On Dec. 5, 1905, in Chicago, Illinois, Walt Disney was born. Disney lived in Marceline, Missouri for most of his childhood. Here, he began drawing, painting, and selling pictures to neighbors and family friends. In 1911, his family moved to Kansas City, where he developed a love for trains. During the summer, Disney would work at a job on the railroad. He sold snacks and newspapers to travelers. Disney also attended McKinley High School in Chicago, where he took drawing and photography classes and was a contributing cartoonist for the school paper. During the night, Disney took courses at the Art Institute of Chicago. At the age of 16, Disney dropped out of school to join the army, but was rejected, as he was underage. He instead joined the Red Cross, and was sent to France for a year to drive an ambulance. He moved back to America in 1919. In that same year, Disney then chose to pursue a career as a newspaper artist. Disney’s brother, Roy Disney, got him a job at the Pesmen-Rubin Art Studio. That’s the studio where he met cartoonist Ubbe Eert Iwwerks, also known as Ub Iwerks. Disney’s first cartoon was called Laugh-o-Grams. These cartoons were so popular that Disney was able to acquire his own studio, upon which he bestowed the same name. But by 1923, the studio became bankrupt. In that same year, Disney and his brother moved to Hollywood with Ub Iwerks. There they made the Disney Brothers’ Cartoon Studio. The company then changed its name to Walt Disney Studios. The studio’s first deal was with New York distributor, Margaret Winkler, to distribute their Alice cartoons. They then made a character named Oswald the Lucky Rabbit. In the late 1920s, the studios broke from their distributors and created cartoons featuring Mickey Mouse and his friends. Disney’s first successful film starring Mickey Mouse was a sound-and-music-equipped animated short called Steamboat Willie.

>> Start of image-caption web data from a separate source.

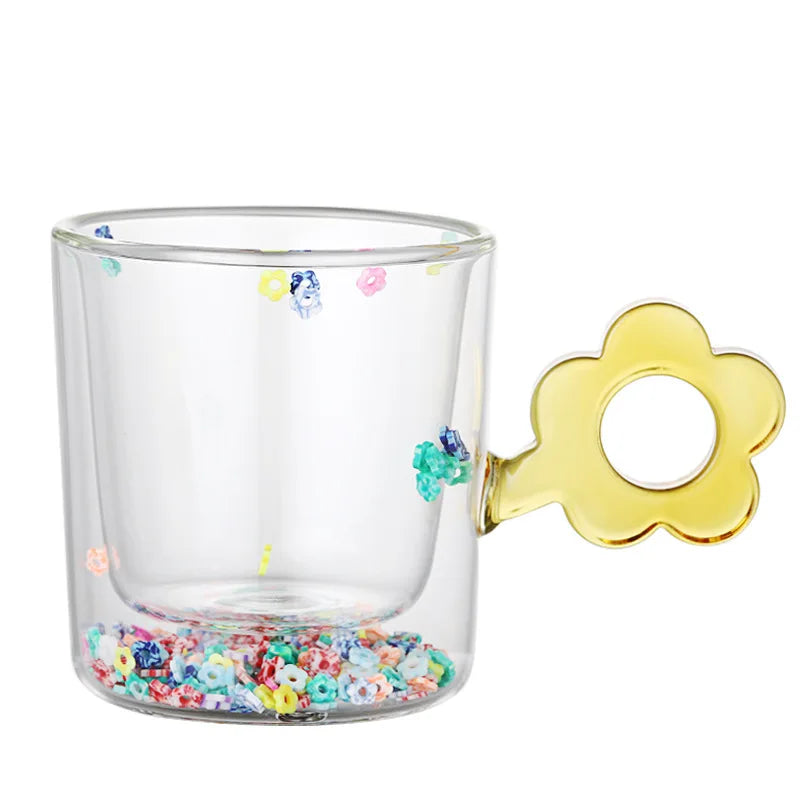 Afralia™ 250ml Double Wall Glass Mug with Glitter Flowers and Flower Handle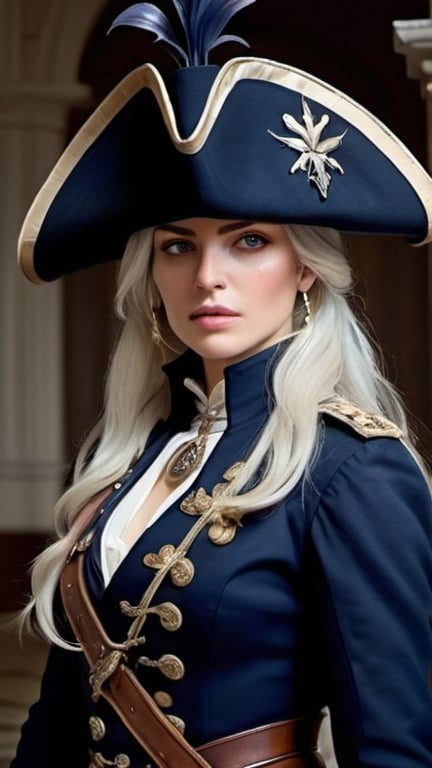 Prompt: Create a stunning portrait of an elegant warrior woman from the Napoleonic era. She wears a long dark blue coat adorned with intricate lily symbols, symbolizing grace and strength. With long flowing wavy silver hair cascading down her shoulders, she dons a black tricorne hat, adding an air of mystery and authority. In her hands, she holds an old rifle, poised for battle. The scene exudes a sense of determination and courage amidst the chaos of war. Capture the woman's regal demeanor and fierce resolve as she stands ready to face any challenge. Big chests, lady maria of the astral clolcktower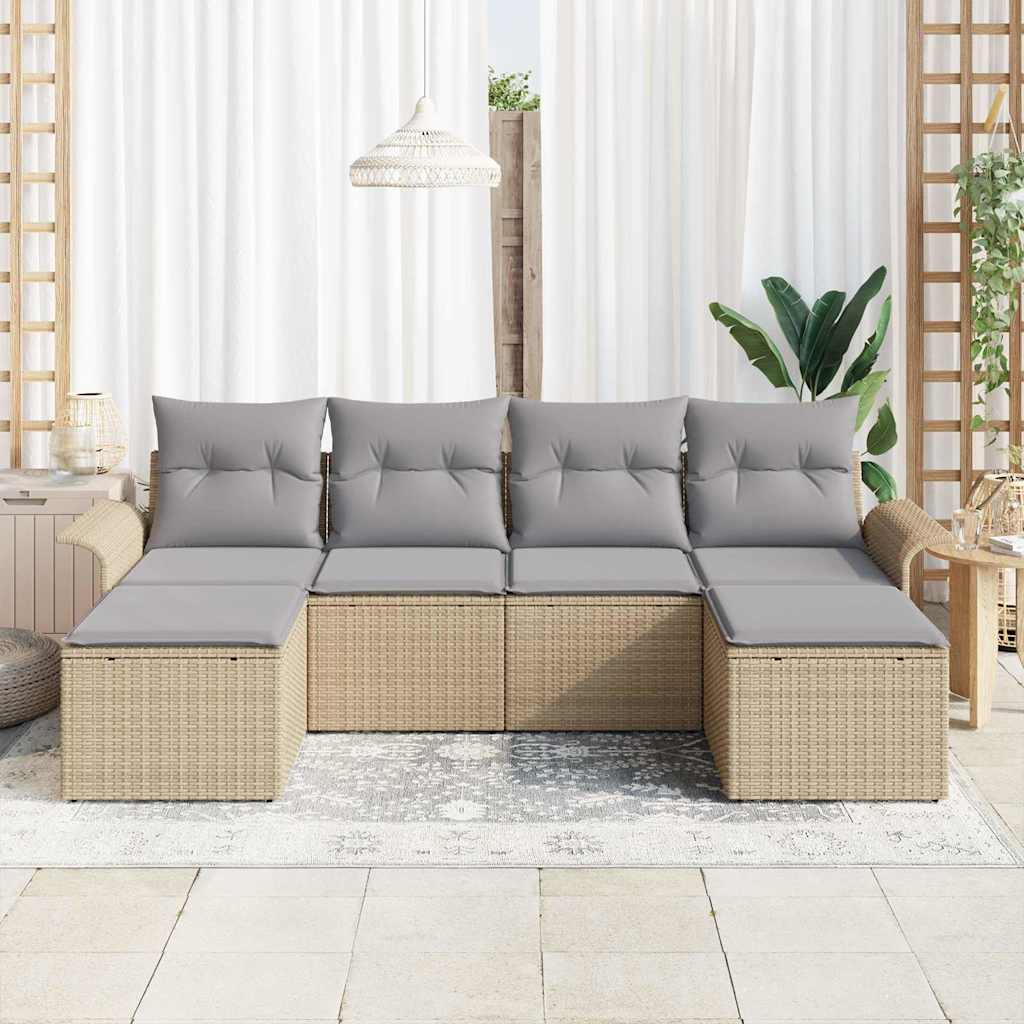 Ensemble de canapé de jardin 6 pcs Beige polyrotin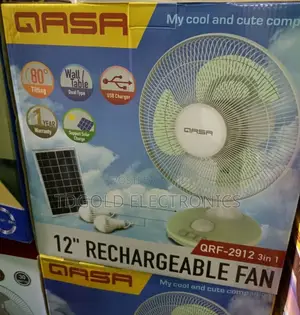 Qasa 12-Inch Rechargeable Solar Fan With Two Bulbs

Like I said in the Fleischer paragraph, Fleischer and Disney were rivals. Apparently, when Steamboat Willie came out Disney actively tried to discourage reporters from mentioning Fleischer’s cartoon called Song Car-Tune, even though Steamboat Willie came out four years after Song Car-Tune. This started an animation feud with the Disney’s on the West Coast versus Fleischer and his brother who lived in New York. This feud would last in the animation department for the next two decades. Disney’s marketing smarts and location in California among the growing movie industry drove Fleischer’s business into the ground, almost erasing his name in animation history. Because of this, Fleischer Studios became bankrupt. One good thing that came out of the feud was that two different animation styles arose. Disney’s west coast style was more family-friendly, realistic, and overall much more colorful and cheery. Fleischer’s New York-style was much more twisted, dark, and aimed at more mature audiences, with characters’ bodies bending and twisting as if they were rubber bands. In one cartoon called Bimbo’s Initiation, we see Bimbo getting locked up in the sewers by Micky Mouse, clearly showing his hate towards Disney.
As you see, Walt Disney was a person who made a whole studio bankrupt. Now, I want to ask you a question. Did Fleischer deserve this? Did he deserve to have his whole studio become bankrupt just because of one little feud between two studios? In my opinion, he didn’t.